=== GIVEN DATA ===

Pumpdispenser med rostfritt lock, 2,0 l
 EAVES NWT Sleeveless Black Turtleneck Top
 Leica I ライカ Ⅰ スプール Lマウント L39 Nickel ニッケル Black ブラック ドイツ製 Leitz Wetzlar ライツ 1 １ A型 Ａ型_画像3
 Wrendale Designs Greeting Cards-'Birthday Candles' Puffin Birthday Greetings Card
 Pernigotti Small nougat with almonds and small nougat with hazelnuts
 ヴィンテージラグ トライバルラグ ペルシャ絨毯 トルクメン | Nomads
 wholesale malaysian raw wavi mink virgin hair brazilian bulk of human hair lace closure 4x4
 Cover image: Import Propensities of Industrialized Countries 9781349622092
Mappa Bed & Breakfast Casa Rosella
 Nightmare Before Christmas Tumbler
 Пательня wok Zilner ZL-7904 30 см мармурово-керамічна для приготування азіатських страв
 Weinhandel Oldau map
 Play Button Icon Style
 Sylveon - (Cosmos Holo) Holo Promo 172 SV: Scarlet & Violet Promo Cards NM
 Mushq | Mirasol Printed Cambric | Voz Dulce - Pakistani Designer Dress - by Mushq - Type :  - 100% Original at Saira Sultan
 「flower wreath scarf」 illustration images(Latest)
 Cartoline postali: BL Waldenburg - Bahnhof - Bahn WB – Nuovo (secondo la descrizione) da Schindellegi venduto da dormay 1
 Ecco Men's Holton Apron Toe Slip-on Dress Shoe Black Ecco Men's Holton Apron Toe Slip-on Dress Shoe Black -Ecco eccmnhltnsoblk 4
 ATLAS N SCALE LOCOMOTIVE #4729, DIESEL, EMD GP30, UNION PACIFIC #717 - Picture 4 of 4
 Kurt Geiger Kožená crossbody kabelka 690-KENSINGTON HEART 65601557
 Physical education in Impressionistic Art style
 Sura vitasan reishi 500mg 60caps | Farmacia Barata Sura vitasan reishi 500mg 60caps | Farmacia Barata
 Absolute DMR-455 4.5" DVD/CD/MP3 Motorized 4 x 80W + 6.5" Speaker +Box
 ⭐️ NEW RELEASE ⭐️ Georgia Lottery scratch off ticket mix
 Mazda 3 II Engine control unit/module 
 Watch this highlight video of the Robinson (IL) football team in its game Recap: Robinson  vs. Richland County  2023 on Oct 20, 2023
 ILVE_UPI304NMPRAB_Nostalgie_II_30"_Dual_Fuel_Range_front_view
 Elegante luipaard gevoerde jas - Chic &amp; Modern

=== PROBLEM REQUIREMENTS ===
The answer should be the complete set of records, printed exactly.

=== ANSWER SECTION ===
Pumpdispenser med rostfritt lock, 2,0 l
 EAVES NWT Sleeveless Black Turtleneck Top
 Leica I ライカ Ⅰ スプール Lマウント L39 Nickel ニッケル Black ブラック ドイツ製 Leitz Wetzlar ライツ 1 １ A型 Ａ型_画像3
 Wrendale Designs Greeting Cards-'Birthday Candles' Puffin Birthday Greetings Card
 Pernigotti Small nougat with almonds and small nougat with hazelnuts
 ヴィンテージラグ トライバルラグ ペルシャ絨毯 トルクメン | Nomads
 wholesale malaysian raw wavi mink virgin hair brazilian bulk of human hair lace closure 4x4
 Cover image: Import Propensities of Industrialized Countries 9781349622092
Mappa Bed & Breakfast Casa Rosella
 Nightmare Before Christmas Tumbler
 Пательня wok Zilner ZL-7904 30 см мармурово-керамічна для приготування азіатських страв
 Weinhandel Oldau map
 Play Button Icon Style
 Sylveon - (Cosmos Holo) Holo Promo 172 SV: Scarlet & Violet Promo Cards NM
 Mushq | Mirasol Printed Cambric | Voz Dulce - Pakistani Designer Dress - by Mushq - Type :  - 100% Original at Saira Sultan
 「flower wreath scarf」 illustration images(Latest)
 Cartoline postali: BL Waldenburg - Bahnhof - Bahn WB – Nuovo (secondo la descrizione) da Schindellegi venduto da dormay 1
 Ecco Men's Holton Apron Toe Slip-on Dress Shoe Black Ecco Men's Holton Apron Toe Slip-on Dress Shoe Black -Ecco eccmnhltnsoblk 4
 ATLAS N SCALE LOCOMOTIVE #4729, DIESEL, EMD GP30, UNION PACIFIC #717 - Picture 4 of 4
 Kurt Geiger Kožená crossbody kabelka 690-KENSINGTON HEART 65601557
 Physical education in Impressionistic Art style
 Sura vitasan reishi 500mg 60caps | Farmacia Barata Sura vitasan reishi 500mg 60caps | Farmacia Barata
 Absolute DMR-455 4.5" DVD/CD/MP3 Motorized 4 x 80W + 6.5" Speaker +Box
 ⭐️ NEW RELEASE ⭐️ Georgia Lottery scratch off ticket mix
 Mazda 3 II Engine control unit/module 
 Watch this highlight video of the Robinson (IL) football team in its game Recap: Robinson  vs. Richland County  2023 on Oct 20, 2023
 ILVE_UPI304NMPRAB_Nostalgie_II_30"_Dual_Fuel_Range_front_view
 Elegante luipaard gevoerde jas - Chic &amp; Modern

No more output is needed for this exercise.